- TASK -
Your answer must be only the lines below from the one containing "Gîte spacieux avec" through the one containing "Twinhouse for Sale in Little Venice", copied exactly, with the pictures left out.

- DATA SHOWN -
[Start of Attachment]

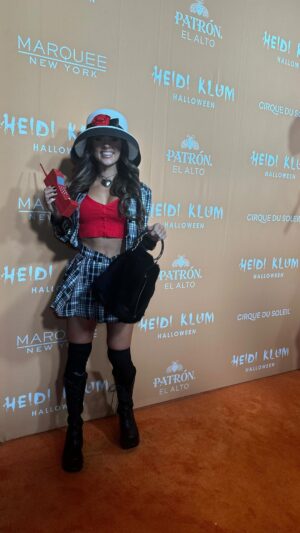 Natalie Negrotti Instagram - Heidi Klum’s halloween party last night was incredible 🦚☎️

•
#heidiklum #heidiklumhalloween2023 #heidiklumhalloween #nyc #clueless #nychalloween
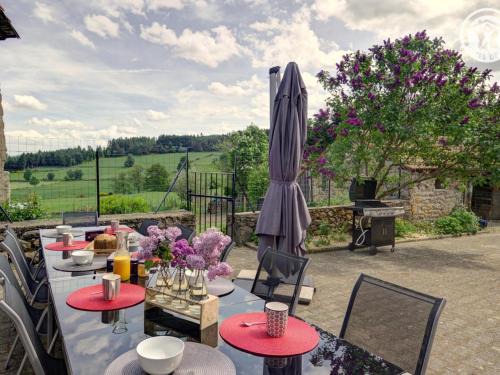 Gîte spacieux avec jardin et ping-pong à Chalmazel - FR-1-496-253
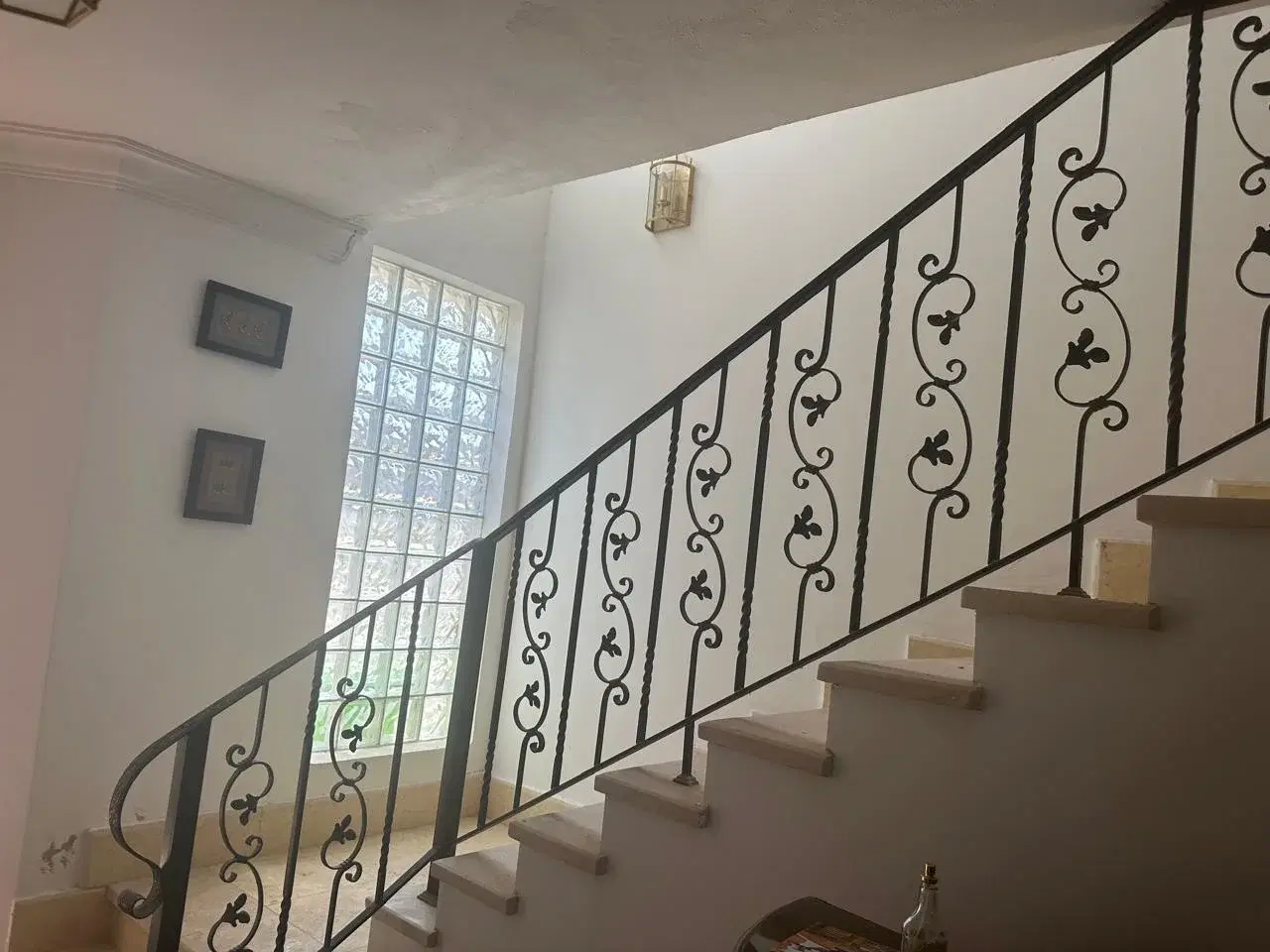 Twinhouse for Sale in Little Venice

[End of Attachment]
[Start of Attachment]

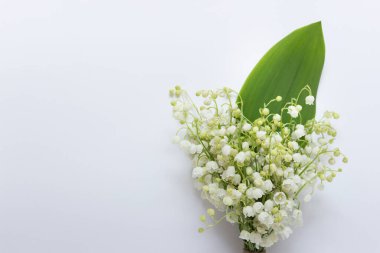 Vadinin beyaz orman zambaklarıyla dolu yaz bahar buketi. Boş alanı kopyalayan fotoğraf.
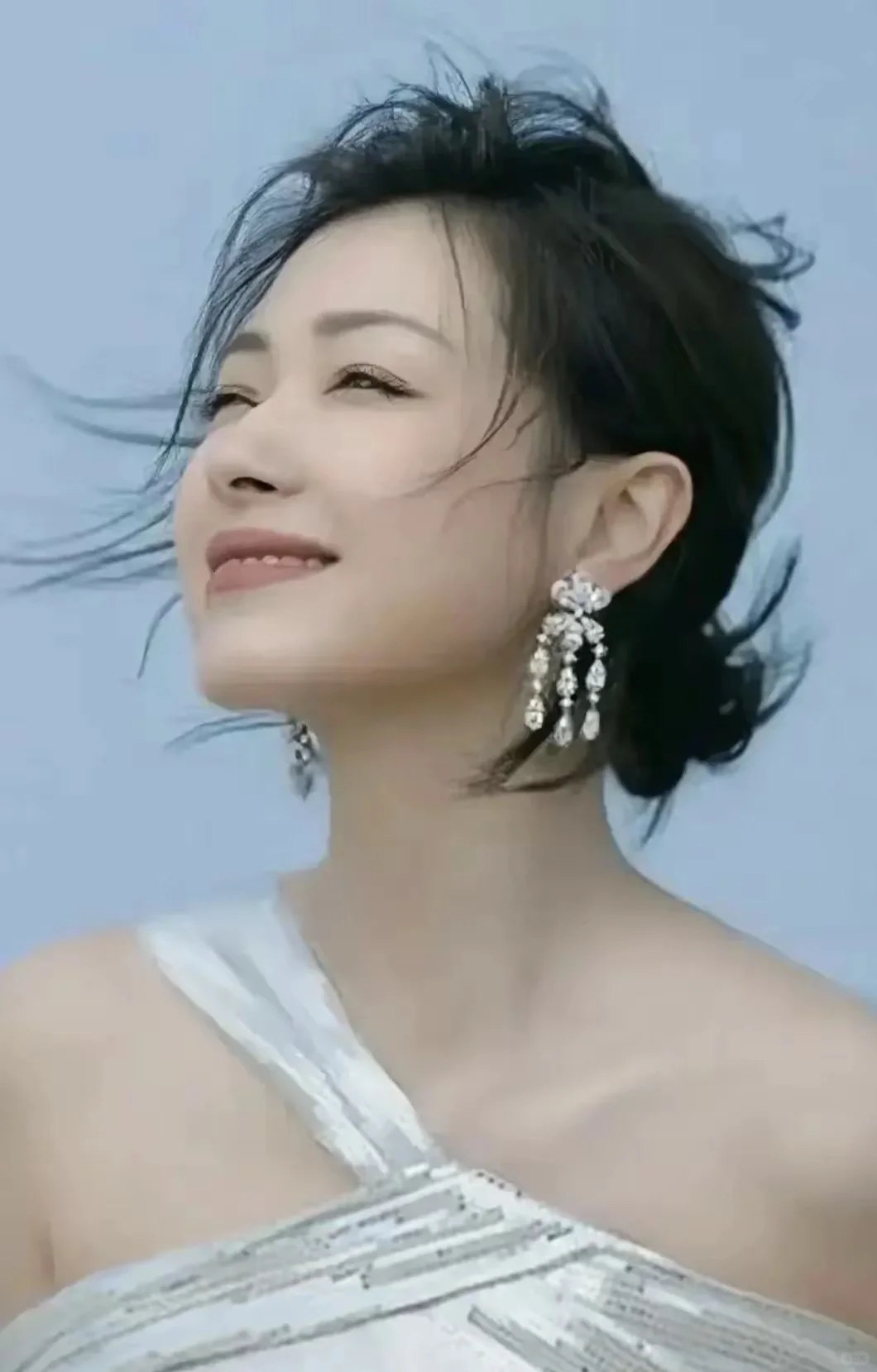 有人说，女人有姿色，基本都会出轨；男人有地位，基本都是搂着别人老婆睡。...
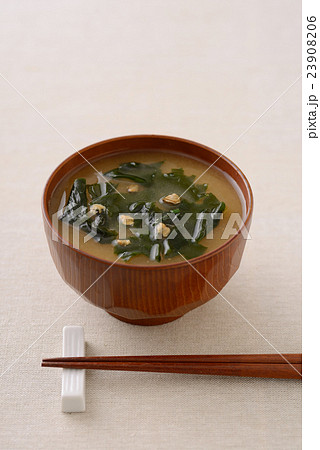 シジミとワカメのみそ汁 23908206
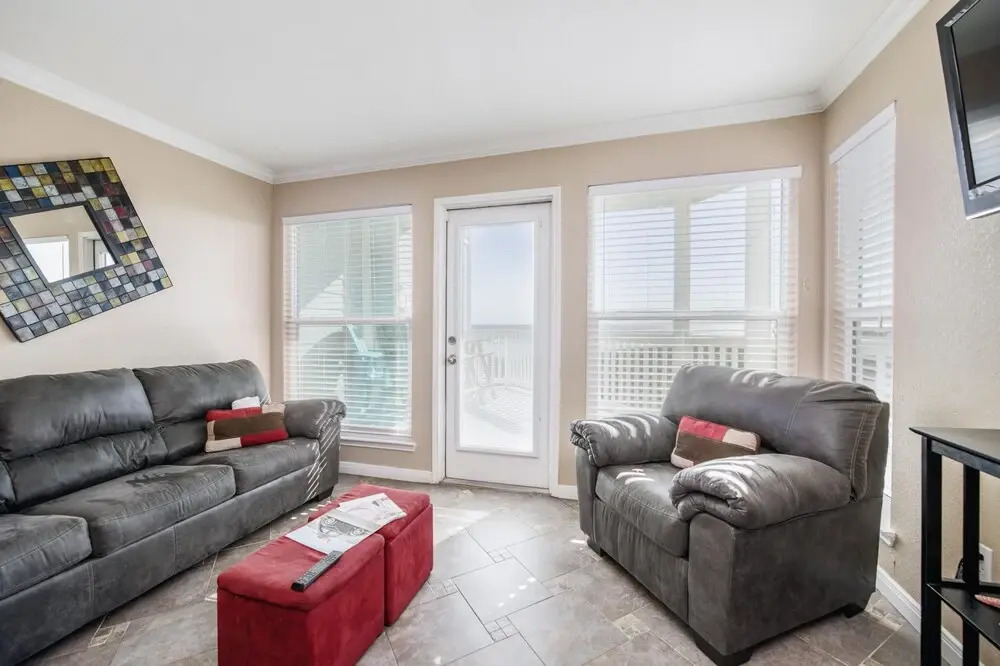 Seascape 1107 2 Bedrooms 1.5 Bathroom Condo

[End of Attachment]

- TASK RESULT -
 Gîte spacieux avec jardin et ping-pong à Chalmazel - FR-1-496-253
 Twinhouse for Sale in Little Venice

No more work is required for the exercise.